Another reason is aerodynamics, which the rules seriously impact by restricting the amount of downforce builders can use at the rear of the car. Not so much with the front.
“The rules have evolved to find ways of limiting performance by making it difficult to generate very efficient downforce at the rear of the car,” explains Bowlby. “However, the front has always been considered relatively free. Not only does this give us greater freedom within the rules, but front downforce is generated more efficiently, with less drag. Moreover, with the front end doing most of the work we could trim-out the rear wing and save even more drag, which is invaluable at Le Mans.
“Having the weight, aero and tire balance on the front (the front tires are wider than the rear, also unlike other race cars) also means you have a car that’s inherently very stable, not one that’s sitting on a knife-edge,” he continues. “We can generate more traction and run at higher speeds before experiencing aquaplaning in extreme wet conditions. Providing our drivers with a fast, stable car that’s more forgiving and helpful in those typical Le Mans moments when the unexpected happens was one of our strategic imperatives.”
Power is provided to the GT-R LM NISMO’s by a gasoline-fed twin-turbo 3.0-litre V6 putting out an estimated 550 hp, which is relatively sedate by today’s Le Mans prototype car standards. It uses a Kinetic Energy Recovery System (KERS) mechanical flywheel to recapture energy lost during braking and using it to boost power by 1,100 hp (measured on the dyno), which Bowlby claims would put combined horsepower somewhere around 1,600 (now that’s more like a LMP1 car!).
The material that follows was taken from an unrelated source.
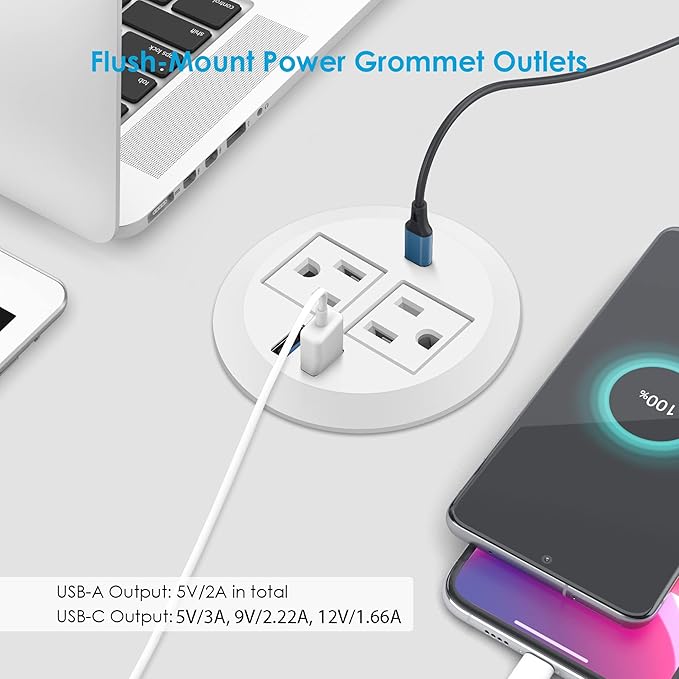 Jgstkcity 2-in-1 Desktop Power Grommet - Image 3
Power is delivered by a five-speed manual gearbox.
“Unfortunately, due to the project’s extremely challenging timeframe — less than a year to form the team and design, engineer and develop the car from scratch — we’ve had to be pragmatic and scale things back with the hybrid system for this year’s Le Mans,” says Bowlby. “That’s the flipside of innovation: it hurts when all the pieces don’t quite come together in time. However, we are going to learn a huge amount about getting the maximum from the V6 petrol engine in this year’s race, and you can be sure we’ll be back at Le Mans with full force in 2016.”
But does all this “backwards” thinking make for a potentially winning formula?
“The driving position is very far back behind the engine, so it feels unusual the first time you sit in there (as you can see much more of the front end of the car than you usually would),” says Michael Krumm, NISMO’s most experienced driver and the one entrusted with the shakedown of the GT-R LM NISMO through its development. “Initially to your surprise, you find it’s very sharp on turn-in and the traction is extremely good. We’re putting a lot of horsepower through the front wheels, so I expected it to have loads of wheelspin, but it pulls really well.
“As long as you are under acceleration, the rear end of the car will always be stable and cannot suddenly spin you around,” he continues. “That is particularly helpful in wet conditions. Also, there are certain types of corners where this ‘pulling’ of the car can actually create more grip than a conventional rear wheel driven car.
“At Le Mans, we’re going to be quicker and slower than other cars in different places on the track,” concludes Krumm. “When you get onto the straights it just goes and goes and goes. We’re going to reach really good top speeds at Le Mans. Usually when you drive an LM prototype you accelerate quickly, but then you hit a bit of an aerodynamic brick wall; the GT-R feels really slippery through the air.”
One thing is certain — as it did with Audi’s diesel and Toyota’s hybrid projects, Nissan’s front-engine/front-drive program is going to make the 2015 24 Hours of Le Mans one of the must-watch races in motorsports history.